For many people, the holidays are a time of excitement and joy. Feeling grateful for what they have and are anxious to share time and gifts with their loved ones. But for others, it is a time of stress, anxiety and overwhelm. Do you find yourself dreading the holidays as they approach? Do you feel anxious and stressed out?
I bet you ask yourself, “why does this happen to me? The holidays are supposed to be awesome, yet I feel awful.” It will be ok. Take a deep breath and relax for a moment as we go through this exercise. Sometimes we just need to find the source of our feelings. If you can pinpoint that and address it, you will be able to overcome it. The coaching model comes into play here if you can write it all down. First, you have your circumstance which may be an unwelcome guest or the friend/family member that makes you feel bad about yourself whenever you are in their presence. You may just feel overwhelmed with so many people all in one place. Next, we have your thought about your circumstance which causes a feeling which in turn will trigger an action on your part and finally your result.
Let’s use an example: You have a family member that you only see at the holidays and typically that person says or does something that really upsets you.
Your circumstance is: The family member.
What is your thought about that family member? Something like, “She always makes me feel bad about my life choices or he brags about all of his accomplishments so much that it annoys me.” Or whatever the thought is that you are having about your circumstance.
How does that thought make you feel? Remember, thoughts cause your feelings, not the circumstance. You may feel uncomfortable, mad, sad, jealous, stressed or tense. Feelings are vibrations in your body which, in this case, are usually unwelcome feelings.
How will you react or act because of your feelings? You may retreat into a state of depression or you may lash out at this person. You may leave the party early because you don’t want to deal with how you are feeling. There are so many actions you may take that probably don’t serve you well.
Finally, what is your result? The result may be that you had a bad holiday experience because of this other person. You have missed out on some fun events due to how you reacted. In general, your result is not a good one.

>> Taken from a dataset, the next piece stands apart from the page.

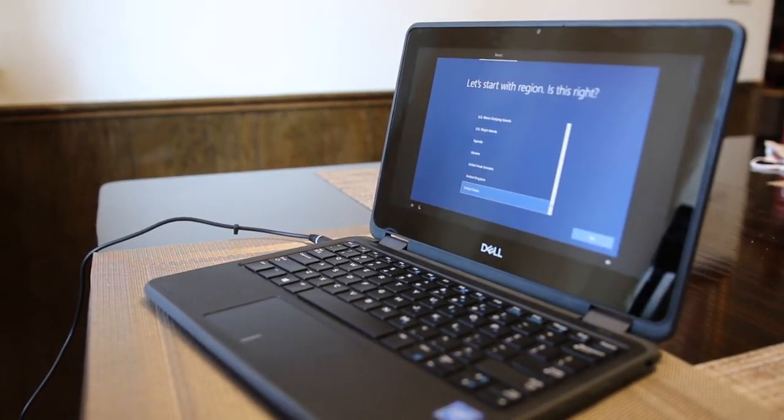The first question asks you to get started with a region. It wants to know if the region highlighted is the correct region. United States is highlighted, so the user should click Yes in the bottom right hand corner.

Just changing how you think about a circumstance can change everything. Let’s say that you know you are going to be with people that you don’t want to be with. You can think a new thought, like “my life is good and whatever anyone says or does will not change my already happy/peaceful life.” What other people do or say is not in your control so therefore it puts the negative energy on them. You know that you are happy without this person or people in your life and their behavior belongs to them, right? Try to look at them with curiosity and fascination. Like Iyanla Vanzant says, “don’t make other people’s crazy about you.” You have your own life and world to be in control of. Let those people make their own impressions on the world. You also have to remember that not everyone is going to like you and you have to be ok with that. I also like the analogy that “you might be the sweetest, ripest, most delicious peach on the tree, but not everyone likes peaches.”
OK, now you have changed your thought, how does that make you feel? If you feel good about your thought that your life, as it is, makes you happy then perhaps you can look at those people and feel sad for them or think of ways to make them feel better about what they are saying to you. Just remembering that other people’s words cannot hurt you. It is what YOU THINK about their words that can hurt you. Thinking a new thought changes everything.
Now that you feel better, how will you act? You may decide that you are not going to leave early because there are other people at the event that you would like to talk with and catch up with. You won’t feel sad or mad or anxious because you know your life is in order and someone else telling you things they really have no idea about just can’t hurt you.
Your result will be a lovely holiday, shared with family and friends that you choose to chat with or interact with and see the negative circumstance as just something you have zero control over.